KVM Network Performance Tuning

Overview

This document records a complete solution for achieving near-bare-metal network performance on KVM virtual machines running on AWS c5n.metal instances, through a series of host-level, VM XML configuration, and Guest OS tuning techniques.

Key Constraint: AWS environments do not support SR-IOV / macvtap NIC passthrough. All optimizations are based on virtio-net + NAT bridge mode.

Tuning Results Summary

iperf3 Network Performance

Test Scenario	Single-Stream Bandwidth	Multi-Stream P=16 Bandwidth
ec2A bare metal → ec2B	4.94 Gbits/sec	23.1 Gbits/sec
KVM Guest baseline → ec2B	4.76 Gbits/sec (96.4%)	9.24 Gbits/sec (40.0%)
KVM Guest optimized → ec2B	4.94 Gbits/sec (100%)	13.4 Gbits/sec (58.0%)

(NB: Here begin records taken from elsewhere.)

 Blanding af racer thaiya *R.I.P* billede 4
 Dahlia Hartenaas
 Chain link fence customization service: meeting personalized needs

Single-stream performance: improved from 96.4% to 100%, completely eliminating virtualization overhead
Multi-stream performance: improved from 40.0% to 58.0%, a 45% improvement

fio Disk Performance

fio performance shows no regression before and after optimization (4k randread/randwrite both within margin of error), confirming that the tuning only affects the network path and does not impact disk I/O.

Detailed Tuning Solutions

Part 1: Host Kernel Modules

1. Load vhost-net Module

sudo modprobe vhost_net
        echo "vhost_net" | sudo tee /etc/modules-load.d/vhost-net.conf

Rationale: vhost-net moves virtio-net packet processing from the QEMU userspace process into kernel-space vhost worker threads, eliminating the context-switch overhead between userspace and kernelspace. This is the most fundamental and impactful step in KVM network performance optimization.

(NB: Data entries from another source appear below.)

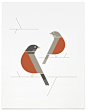 Gallery Allison Newhouse #newhouse #allison #birds #illustration #poster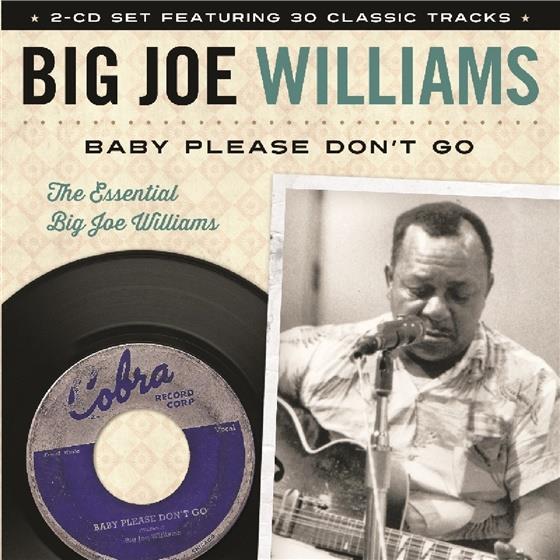 Big Joe Williams - Baby Please Don't Go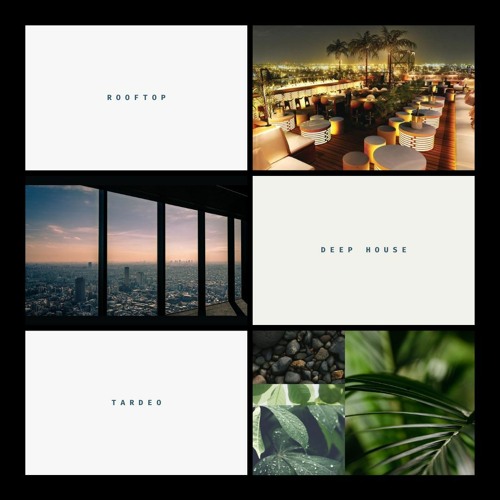 Rooftop | Tardeo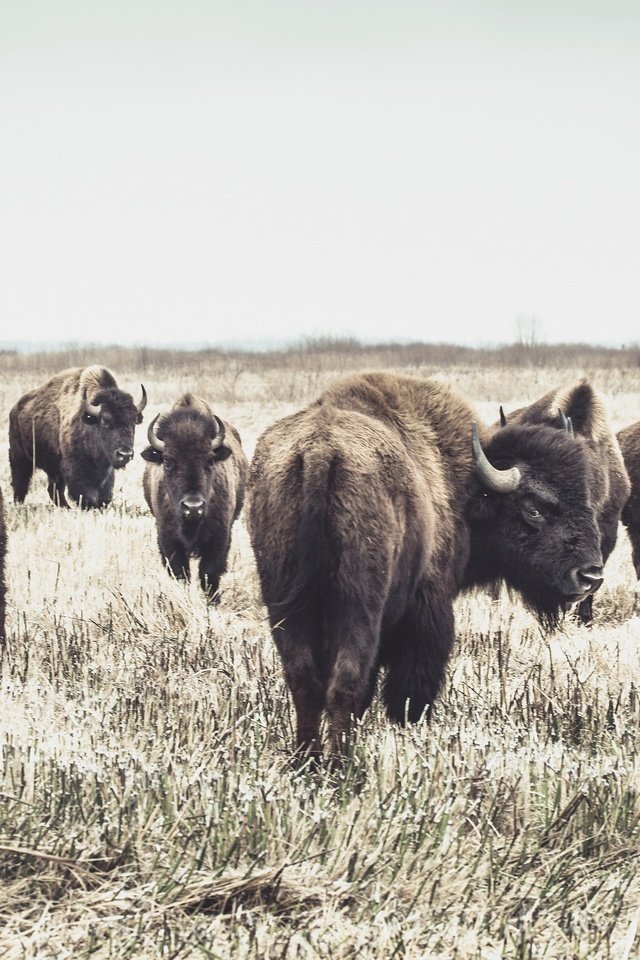 Обои природа, фон, бизоны, nature, background, buffalo разрешение 2048x1638 Загрузить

Effect: Enabling this alone can improve network throughput by 20–30%.

2. Load and Disable Bridge Netfilter

sudo modprobe br_netfilter
        echo 0 | sudo tee /proc/sys/net/bridge/bridge-nf-call-iptables
        echo 0 | sudo tee /proc/sys/net/bridge/bridge-nf-call-ip6tables
        echo 0 | sudo tee /proc/sys/net/bridge/bridge-nf-call-arptables

Persistent configuration:

cat << EOF | sudo tee /etc/sysctl.d/99-bridge-nf.conf
        net.bridge.bridge-nf-call-iptables = 0
        net.bridge.bridge-nf-call-ip6tables = 0
        net.bridge.bridge-nf-call-arptables = 0
        EOF

Rationale: By default, the Linux bridge sends all bridged packets through iptables/ip6tables/arptables for filtering, which is unnecessary overhead for KVM NAT scenarios. Disabling this allows packets to be forwarded directly, reducing CPU cycle consumption.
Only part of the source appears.